In his fantastic little book, Seven Brief Lessons on Physics, a kind of primer on modern physics meant for lay readers, Carlo Rovelli tells the story about how in 1905, a 26-year-old graduate student named Albert Einstein published three short articles that changed the trajectory of modern physics almost overnight. “Each of these,” he writes, “is worthy of a Nobel Prize.”
As it turned out, Einstein would only win one Nobel prize, and not even for the theory for which he has become practically synonymous, that of “general relatively.” He won it for the second paper he published that year, which describes how light sometimes acts more like a particle than a wave (existing in little “quanta” of energy called photons). Rovelli describes this paper as the “birth certificate” of quantum theory, what’s become one of modern physics’ most essential yet mysterious theories.
His attempt to explain this theory is admirable, but it was Rovelli’s commentary on the rhetoric of Einstein’s paper that touched me. He points out that the article’s introduction begins with a disarmingly humble, “It seems to me that …,” and then with a few short sentences Einstein goes on to shake the foundations of modern physics.
Rovelli writes that this “‘It seems to me’… recalls the ‘I think …’ with which Darwin introduces in his notebooks the great idea that species evolve, or the ‘hesitation’ spoken of by Faraday when introducing for the first time the revolutionary idea of magnetic fields.”
“Genius,” he concludes, “hesitates.”
Brilliant.
Rovelli’s book has been the inspiration behind a series on “faith and physics” that I’m co-leading this month with a friend and church member. He’s a neurobiologist by training but has much more than a passing interest and knowledge of physics and astronomy, so he’s doing the heavy lifting — so to speak — with the physics. For my part, I’m only now coming to learn of and appreciate the fantastic work being done in modern theology that takes modern physics as its inspiration, which is to say that I feel less and less qualified to lead any kind of study on it.
And yet just as striking as the lessons in physics (or at least what I’ve been able to grasp of it), or the theological musings inspired by them (the deeply relational nature of creation, God and humanity; the ever-evolving God of an ever-evolving cosmos), has been a renewed appreciation for a concept that’s been foundational to both since the beginning: humility.
Genius hesitates, both in science and religion.

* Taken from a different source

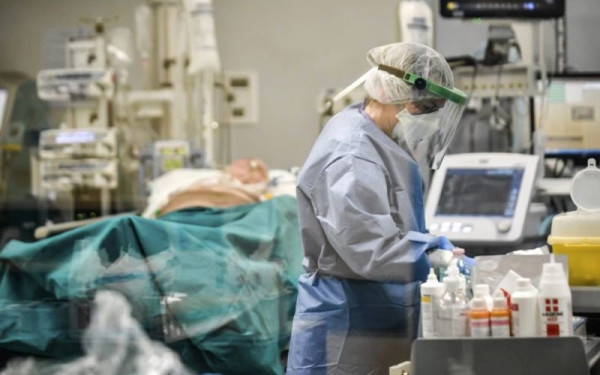 Κορονοϊός: Νέο "μαύρο" ρεκόρ της Ελλάδας - Μεγαλύτερη θνησιμότητα από ΕΕ, ΗΠΑ αλλά και παγκόσμιο μέσο όρο (Γράφημα)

Humility, I’ve learned, is perhaps the “core, immutable quality of science.” The scientific process from hypothesis, to experiment, review and replication, is a series of checks and balances. This is entirely its strength. In fact, “Replicability,” or the ability for an experiment or study to be duplicated, is an essential part of the scientific method.
Spiritual humility is also at the heart of biblical religion, perhaps nowhere more powerfully stated than the book of Job, when our hero is relentlessly reminded of the limits of his humanity by none other than God Almighty.
Good theology not only remembers that we “see in a mirror dimly,” it counts on it. As Augustine is said to have put it, “If you understand it, it is not God.” Or Anne Lamott, “The opposite of faith is not doubt, but certainty.” Even Jesus, we’re told, before climbing Calvary’s hill, knelt in the garden and asked if there might be another way.
Genius hesitates.
Of course, the loudest voices from either “side” tend to be anything but humble, and perhaps even intentionally so. If genius hesitates, certainty sells — for any audience, it seems.
And yet, the more I study not only these complex theories of modern physics but the stories of their discovery, I’m also struck by another force that must be equally as necessary as humility to both science and theology (even though I’m told forces don’t really exist): imagination.
In fact, imagination may even come before humility, for how can one be humble without first imagining an alternative? What if light is both a wave and a particle? What if we’re not objects floating around in space but multiple fields of interactive relationships? What if early in the morning on the first day of the week …?
I was struck by Rovelli’s commentary on the widespread dissatisfaction among physicists with the going theory on the structure of subatomic particles, what’s known as the Standard Model. He describes it as wonky and piecemeal and little more than “the best we can do at the moment,” but then considers another possibility:
Perhaps on closer inspection it is not the model that lacks elegance. Perhaps it is we who have not yet learned to look at it from just the right point of view, one that would reveal its hidden simplicity.
Imagination. Humility.
I would say faith, but I’m learning to hesitate.